US President Joe Biden on Tuesday signed into law the first federal legislation to make lynching a federal hate crime after the Senate passed the bill by unanimous consent this month.
The legislation is named after 14-year-old Emmett Till, who was brutally murdered in a racist attack in Mississippi in 1955 — an event that drew national attention to the atrocities and violence that African Americans faced in the US.
It has been 100 years since the idea of such legislation was first proposed.
Mr Biden acknowledged the long delay during his remarks in the Rose Garden to lawmakers, administration officials and civil rights advocates, stressing how the violent deaths of black Americans were used to intimidate them and prevent them from voting simply because of their skin colour.
“Thank you for never giving up, never ever giving up,” the president said. “Lynching was pure terror to enforce the lie that not everyone belongs in America, not everyone is created equal.”
The bill makes it possible to prosecute a crime as a lynching when a conspiracy to commit a hate crime results in death or serious bodily injury. A conviction would carry a maximum sentence of 30 years in prison.
“After 100-plus years and 200-plus failed attempts to outlaw lynching, the Senate took long-overdue action by passing the Emmett Till Antilynching Act,” said Senate Majority Leader Chuck Schumer when the upper chamber passed the bill.
“This is an important step, but that it's taken so long is a stain on America,” he tweeted.
The bill passed the House of Representatives by a vote of 422-3. Republicans Andrew Clyde of Georgia, Thomas Massie of Kentucky and Chip Roy of Texas voted against the legislation.
The president stressed that forms of racial terror continue to exist in the US — creating the need for the law.
“Racial hate isn’t an old problem — it’s a persistent problem,” Mr Biden said. “Hate never goes away. It only hides.”
Emmett was murdered after Carolyn Bryant, a white woman, claimed he had propositioned her at the family-owned grocery store where she worked.
His mutilated body was found in a river three days later. Emmett's mother insisted his remains be displayed in an open casket so the world could see the atrocities that were committed.

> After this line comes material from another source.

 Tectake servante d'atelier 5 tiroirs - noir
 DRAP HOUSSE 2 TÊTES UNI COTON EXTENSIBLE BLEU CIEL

Ms Dunham's husband, Roy Bryant, and J W Milam, his half-brother, were arrested for Emmett's murder but were acquitted by an all-white jury. They later admitted to a magazine that they had killed him.
Roy Bryant died in 1994 and Milam died in 1981.
The Department of Justice reopened the investigation into Emmett's murder in 2018. Ms Bryant, now known as Carolyn Donham, recanted evidence she had given, but the Justice Department said she “denied to the FBI that she ever recanted her testimony".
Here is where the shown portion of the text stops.